What you should do »
Could you repeat the records below exactly, without the pictures?

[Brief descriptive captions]
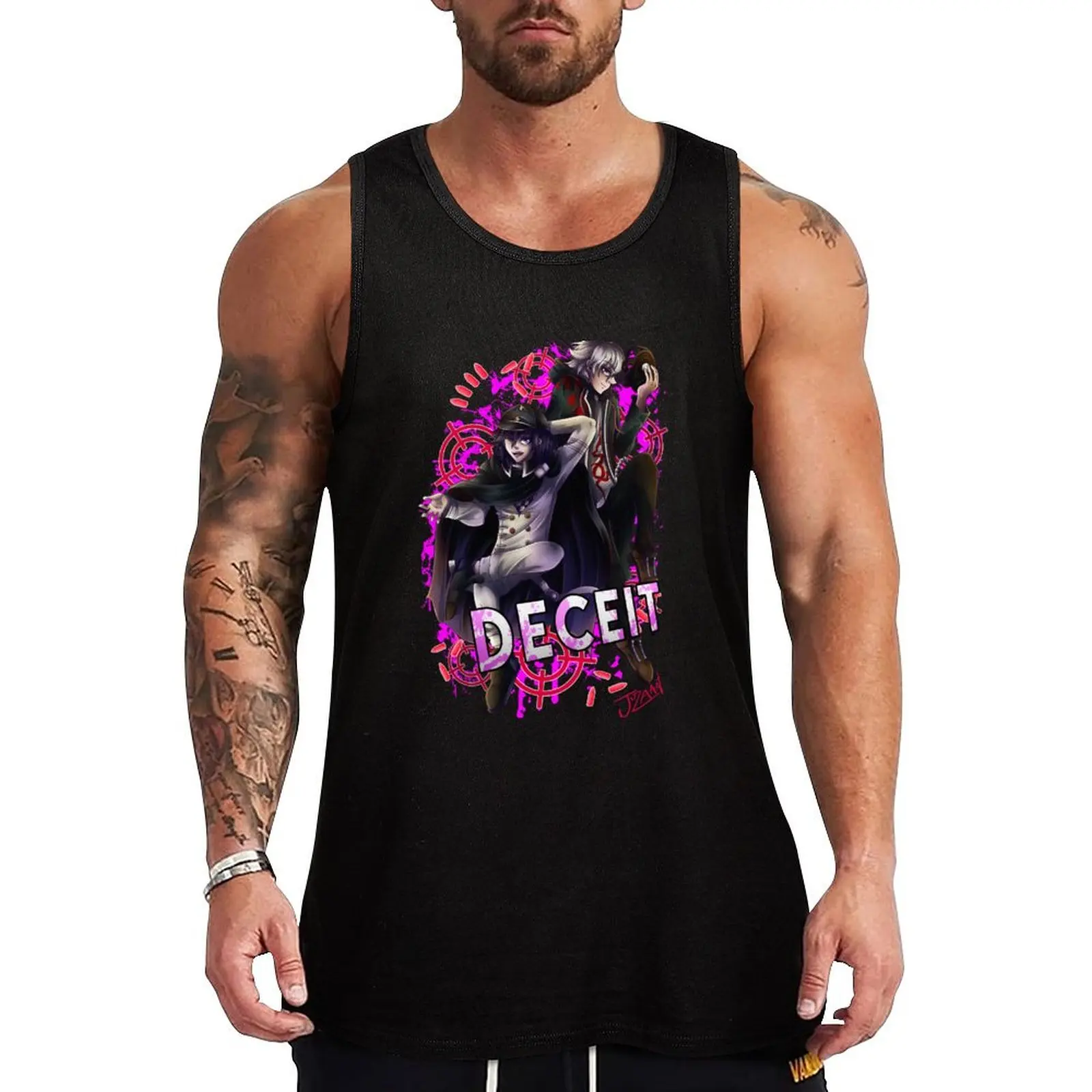 Майка обманка Danganronpa мужская летняя одежда Аниме спортивный жилет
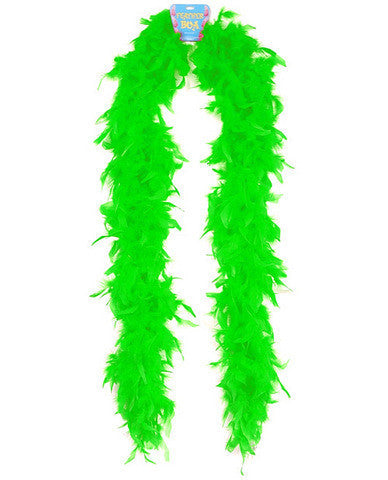 72in feather boa - green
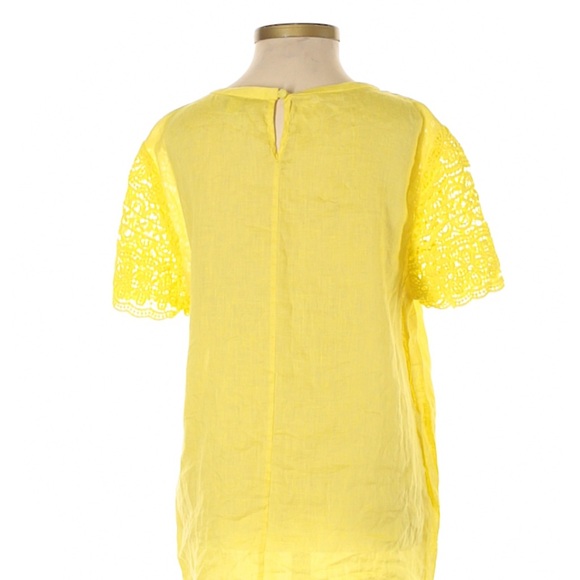 J Crew Yellow Linen Blouse/ Top size 6 - Picture 2 of 2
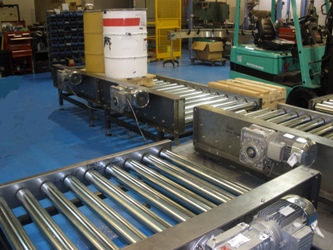 Pallet 90 degree turn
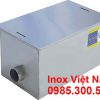 Bẫy mỡ nổi 180 lít, bẫy mỡ inox 180 lít lắp đặt nổi.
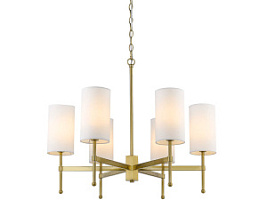 P06970BR-WH DENVER griestu gaismeklis bronza 6xE14 40W D70cm H58.5cm Cosmo Light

Answer to the exercise »
 Майка обманка Danganronpa мужская летняя одежда Аниме спортивный жилет
 72in feather boa - green
 J Crew Yellow Linen Blouse/ Top size 6 - Picture 2 of 2
 Pallet 90 degree turn
 Bẫy mỡ nổi 180 lít, bẫy mỡ inox 180 lít lắp đặt nổi.
 P06970BR-WH DENVER griestu gaismeklis bronza 6xE14 40W D70cm H58.5cm Cosmo Light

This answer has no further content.